En los últimos años de su existencia, su patología se exacerbó hasta extremos inimaginables. En sus conversaciones introducía dos nuevos mecanismos que daban una vuelta de tuerca a sus crisis. Por un lado, inventó las “metacitas”, que eran aquellas en las que citaba lo que un personaje falso había opinado de las supuestas palabras de otra figura igualmente imaginaria. Por ejemplo, “el marqués de Lampedeux siempre criticó la zafiedad de las metáforas de Jean-Claude Delasalle, como cuando éste sugería que las costas de su Bretaña natal eran como los volantes en las enaguas de una mujer: un material cotidiano, plegado en frunces inaccesibles y abrazando un océano oscuro y desconocido”. Por otra parte, mi amigo decidió atribuir citas a sus propios conocidos del mundillo literario.

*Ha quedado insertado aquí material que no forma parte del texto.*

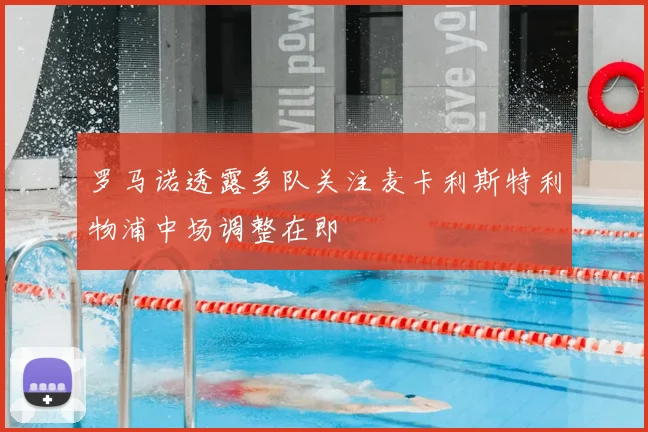 罗马诺透露多队关注麦卡利斯特利物浦中场调整在即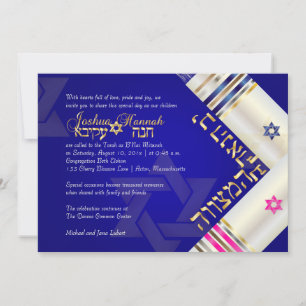 PixDezines Blue/Pink Tallits B'nai Mitzvah Invitation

Así, hablaba con un reputado escritor, cuyo nombre omito, y le manifestaba, “como tú escribiste una vez, el honor es como su hache, no se menciona pero se supone que está”. El escritor quedaba por un instante patitieso, pero de inmediato asentía con una breve risotada y en adelante esgrimía la frase como de propia cosecha en todas sus entrevistas, tertulias y saraos.

Poco antes de morir, ya presa de violentos espasmos de insoportable verborrea viajera, mi amigo llegó a publicar un libro en el que citaba el texto completo de La Regenta, comenzando con “decía Clarín:”. Sin duda fue su obra suprema, además de la ocasión en que consiguió que una edición de la Biblia incorporase la aparición de Pánfilo, un escultor griego de desnudos a quien, según había documentado San Pío X en sus escritos, Jesús había curado de priapismo. El error fue descubierto y eliminado, pero hoy aquellos ejemplares valen millones.

Mi amigo se suicidó en el cuartucho de una pensión en la isla de Calipso y dejó escrita una nota: “no estoy seguro de si esto realmente lo he escrito yo. Mi vida ha terminado. Me queda la duda de quién morirá cuando dispare”. Infeliz. Por respeto a su memoria he decidido no revelar su nombre aquí. Pero si quieren leer algo suyo, no les resultará difícil encontrar sus obras. Por la naturaleza del padecimiento que le llevó a la tumba, sus trabajos solían comenzar así: “conocí una vez a un escritor...”.